◆ **WHAT THIS TASK INVOLVES**
An exact copy of all the entries below is what this task needs.

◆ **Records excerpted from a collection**

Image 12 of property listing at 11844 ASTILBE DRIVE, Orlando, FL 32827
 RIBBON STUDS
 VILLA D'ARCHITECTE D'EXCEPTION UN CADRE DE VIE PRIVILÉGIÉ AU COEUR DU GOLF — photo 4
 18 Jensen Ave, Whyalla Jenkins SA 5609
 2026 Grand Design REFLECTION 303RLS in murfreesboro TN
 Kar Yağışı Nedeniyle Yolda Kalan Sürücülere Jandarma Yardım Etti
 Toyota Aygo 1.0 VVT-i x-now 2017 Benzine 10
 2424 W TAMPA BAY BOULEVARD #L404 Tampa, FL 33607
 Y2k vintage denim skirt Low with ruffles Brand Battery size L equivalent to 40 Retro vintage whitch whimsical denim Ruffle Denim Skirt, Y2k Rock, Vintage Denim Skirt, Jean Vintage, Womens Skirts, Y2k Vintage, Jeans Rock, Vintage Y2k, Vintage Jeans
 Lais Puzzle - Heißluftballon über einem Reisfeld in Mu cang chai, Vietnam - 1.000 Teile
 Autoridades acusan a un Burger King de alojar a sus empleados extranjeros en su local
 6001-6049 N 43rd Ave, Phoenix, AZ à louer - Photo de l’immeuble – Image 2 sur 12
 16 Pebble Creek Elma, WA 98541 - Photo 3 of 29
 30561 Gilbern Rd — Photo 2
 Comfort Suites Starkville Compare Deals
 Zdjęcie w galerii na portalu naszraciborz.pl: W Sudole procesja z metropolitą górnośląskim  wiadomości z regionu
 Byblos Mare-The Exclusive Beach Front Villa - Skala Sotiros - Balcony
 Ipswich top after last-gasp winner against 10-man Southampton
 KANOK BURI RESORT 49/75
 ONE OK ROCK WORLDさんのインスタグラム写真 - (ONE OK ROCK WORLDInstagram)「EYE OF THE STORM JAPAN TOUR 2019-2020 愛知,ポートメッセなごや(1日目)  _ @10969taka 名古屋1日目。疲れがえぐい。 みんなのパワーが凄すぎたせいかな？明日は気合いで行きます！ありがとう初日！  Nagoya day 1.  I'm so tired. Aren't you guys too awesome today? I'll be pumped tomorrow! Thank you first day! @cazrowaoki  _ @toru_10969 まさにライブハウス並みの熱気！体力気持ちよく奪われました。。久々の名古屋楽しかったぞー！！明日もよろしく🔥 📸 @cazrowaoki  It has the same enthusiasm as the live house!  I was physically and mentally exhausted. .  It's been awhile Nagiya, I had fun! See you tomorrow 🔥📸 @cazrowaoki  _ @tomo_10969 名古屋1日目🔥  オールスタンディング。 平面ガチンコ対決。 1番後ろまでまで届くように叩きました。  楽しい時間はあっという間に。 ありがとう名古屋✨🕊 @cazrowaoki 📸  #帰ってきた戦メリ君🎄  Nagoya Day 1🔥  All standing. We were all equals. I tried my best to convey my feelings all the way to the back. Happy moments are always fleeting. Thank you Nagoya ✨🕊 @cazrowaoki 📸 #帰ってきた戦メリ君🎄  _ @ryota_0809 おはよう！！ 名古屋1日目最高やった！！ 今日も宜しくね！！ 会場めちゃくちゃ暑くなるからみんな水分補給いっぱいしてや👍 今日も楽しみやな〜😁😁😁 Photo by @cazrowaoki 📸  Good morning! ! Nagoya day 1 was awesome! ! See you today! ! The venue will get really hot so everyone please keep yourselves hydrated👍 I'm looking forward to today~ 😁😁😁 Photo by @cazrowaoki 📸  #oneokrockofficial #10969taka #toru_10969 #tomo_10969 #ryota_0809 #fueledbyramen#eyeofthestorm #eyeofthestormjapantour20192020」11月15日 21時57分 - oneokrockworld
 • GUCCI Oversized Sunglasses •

◆ **ANSWER TO THIS PROBLEM**
Image 12 of property listing at 11844 ASTILBE DRIVE, Orlando, FL 32827
 RIBBON STUDS
 VILLA D'ARCHITECTE D'EXCEPTION UN CADRE DE VIE PRIVILÉGIÉ AU COEUR DU GOLF — photo 4
 18 Jensen Ave, Whyalla Jenkins SA 5609
 2026 Grand Design REFLECTION 303RLS in murfreesboro TN
 Kar Yağışı Nedeniyle Yolda Kalan Sürücülere Jandarma Yardım Etti
 Toyota Aygo 1.0 VVT-i x-now 2017 Benzine 10
 2424 W TAMPA BAY BOULEVARD #L404 Tampa, FL 33607
 Y2k vintage denim skirt Low with ruffles Brand Battery size L equivalent to 40 Retro vintage whitch whimsical denim Ruffle Denim Skirt, Y2k Rock, Vintage Denim Skirt, Jean Vintage, Womens Skirts, Y2k Vintage, Jeans Rock, Vintage Y2k, Vintage Jeans
 Lais Puzzle - Heißluftballon über einem Reisfeld in Mu cang chai, Vietnam - 1.000 Teile
 Autoridades acusan a un Burger King de alojar a sus empleados extranjeros en su local
 6001-6049 N 43rd Ave, Phoenix, AZ à louer - Photo de l’immeuble – Image 2 sur 12
 16 Pebble Creek Elma, WA 98541 - Photo 3 of 29
 30561 Gilbern Rd — Photo 2
 Comfort Suites Starkville Compare Deals
 Zdjęcie w galerii na portalu naszraciborz.pl: W Sudole procesja z metropolitą górnośląskim  wiadomości z regionu
 Byblos Mare-The Exclusive Beach Front Villa - Skala Sotiros - Balcony
 Ipswich top after last-gasp winner against 10-man Southampton
 KANOK BURI RESORT 49/75
 ONE OK ROCK WORLDさんのインスタグラム写真 - (ONE OK ROCK WORLDInstagram)「EYE OF THE STORM JAPAN TOUR 2019-2020 愛知,ポートメッセなごや(1日目)  _ @10969taka 名古屋1日目。疲れがえぐい。 みんなのパワーが凄すぎたせいかな？明日は気合いで行きます！ありがとう初日！  Nagoya day 1.  I'm so tired. Aren't you guys too awesome today? I'll be pumped tomorrow! Thank you first day! @cazrowaoki  _ @toru_10969 まさにライブハウス並みの熱気！体力気持ちよく奪われました。。久々の名古屋楽しかったぞー！！明日もよろしく🔥 📸 @cazrowaoki  It has the same enthusiasm as the live house!  I was physically and mentally exhausted. .  It's been awhile Nagiya, I had fun! See you tomorrow 🔥📸 @cazrowaoki  _ @tomo_10969 名古屋1日目🔥  オールスタンディング。 平面ガチンコ対決。 1番後ろまでまで届くように叩きました。  楽しい時間はあっという間に。 ありがとう名古屋✨🕊 @cazrowaoki 📸  #帰ってきた戦メリ君🎄  Nagoya Day 1🔥  All standing. We were all equals. I tried my best to convey my feelings all the way to the back. Happy moments are always fleeting. Thank you Nagoya ✨🕊 @cazrowaoki 📸 #帰ってきた戦メリ君🎄  _ @ryota_0809 おはよう！！ 名古屋1日目最高やった！！ 今日も宜しくね！！ 会場めちゃくちゃ暑くなるからみんな水分補給いっぱいしてや👍 今日も楽しみやな〜😁😁😁 Photo by @cazrowaoki 📸  Good morning! ! Nagoya day 1 was awesome! ! See you today! ! The venue will get really hot so everyone please keep yourselves hydrated👍 I'm looking forward to today~ 😁😁😁 Photo by @cazrowaoki 📸  #oneokrockofficial #10969taka #toru_10969 #tomo_10969 #ryota_0809 #fueledbyramen#eyeofthestorm #eyeofthestormjapantour20192020」11月15日 21時57分 - oneokrockworld
 • GUCCI Oversized Sunglasses •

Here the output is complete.